Volume 2013 | Article ID 358413 | https://doi.org/10.1155/2013/358413

MIMO Antenna Array Design with Polynomial Factorization

Wen-Qin Wang,¹Huaizong Shao,¹and Jingye Cai¹

Academic Editor: Yuan Yao

Received11 Mar 2013

Revised06 Jun 2013

Accepted07 Jun 2013

Published27 Jun 2013

Abstract

One of the main advantages of multiple-input multiple-output (MIMO) antenna is that the degrees-of-freedom can be significantly increased by the concept of virtual antenna array, and thus the MIMO antenna array should be carefully designed to fully utilize the virtual antenna array. In this paper, we design the MIMO antenna array with the polynomial factorization method. For a desired virtual antenna array, the polynomial factorization method can optimally design the specified MIMO transmitter and receiver. The array performance is examined by analyzing the degrees-of-freedom and statistical output signal-to-interference-plus-noise ratio (SINR) performance. Design examples and simulation results are provided.

1. Introduction

Multiple-input multiple-output (MIMO) antenna array has received much attention in communication, radar, and navigation systems [1–4]. MIMO idea is not new; its origin in control systems can be traced back to 1970s [5]. The early 1990s saw an emergence of MIMO ideas into the field of wireless communication systems [6–8]. More recently, the ideas of MIMO appear in sensor and radar systems [9–12]. Different from conventional phased-array systems [13], in MIMO antenna systems each antenna transmits a unique waveform, orthogonal to the waveforms transmitted by other antennas, and a matched filter bank is used to extract the orthogonal waveform components. When the orthogonal signals are transmitted from different antennas, the return of each orthogonal signal will carry independent information. The phase difference caused by different transmitting antennas along with the phase differences caused by different receiving antennas can form a new virtual antenna array steering vector. With optimally designed antenna array geometry, we can create a very long array steering vector with a small number of antennas [14, 15]. More importantly, this provides good flexibility and reconfigurability in array configuration, thus enabling a flexible and reconfigurable system.
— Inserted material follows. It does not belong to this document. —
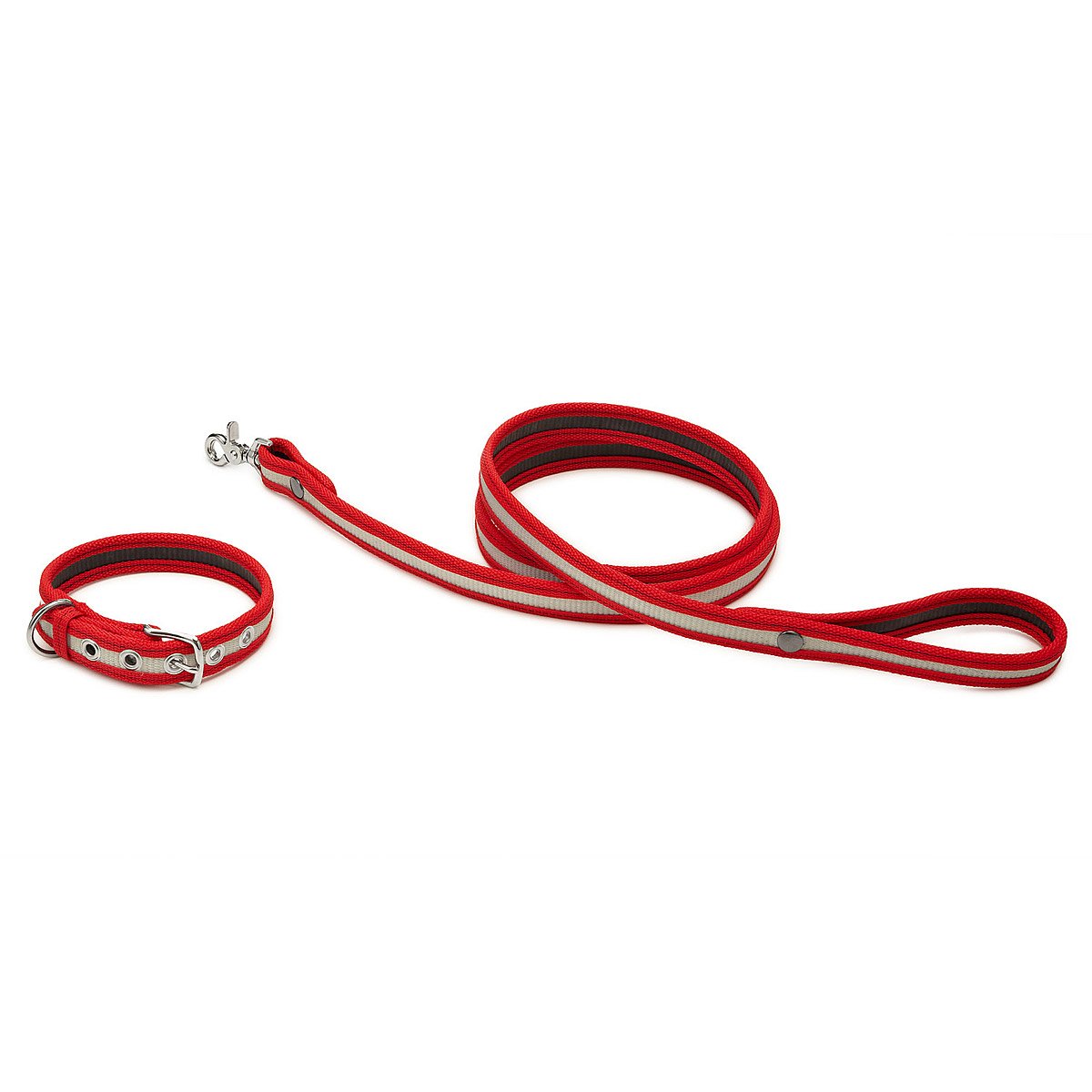 Fire Hose Dog Collar and Leash Red & White Dog Lead & Collar Goods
Although MIMO antenna arrays are widely used in various applications, radar-related application is assumed in this paper. Even so, the rich literature of research in this area appears in threefold: (a) the comparison between conventional phased-array and MIMO array, and the development of MIMO architecture [16–18]; (b) MIMO waveform diversity and transmitter design [19, 20]; and (c) the system performance and the receiver design for enhanced performance [21, 22]. In fact, one of the main advantages of MIMO antenna array is that the degrees-of-freedom can be significantly increased by the concept of virtual antenna array, and thus the MIMO antenna array should be carefully designed to fully utilize the virtual antenna array. This paper focuses on the MIMO sparse antenna array design to obtain a uniform virtual array for the system.

Many array design methods have been proposed for conventional phased arrays [23–26]. Specially, linear programming-based algorithms were proposed by [27, 28] for reduced sidelobe thinned array design. Genetic algorithm was proposed by [29] to optimally design thin large phased arrays. Simulated annealing-based technique was proposed by [30] to synthesize the position and weight coefficients of a linear array that minimizes peak sidelobes. A hybrid approach combining particle swarm optimization with combinational techniques was proposed by [31] to synthesize planar thinned arrays. Recently a general polynomial factorization-based design of sparse periodic linear arrays was proposed by [32] to design sparse periodic arrays. In the method, transmit and receive aperture polynomials are selected such that their product results in a polynomial representing the desired combined transmit/receive effective aperture function.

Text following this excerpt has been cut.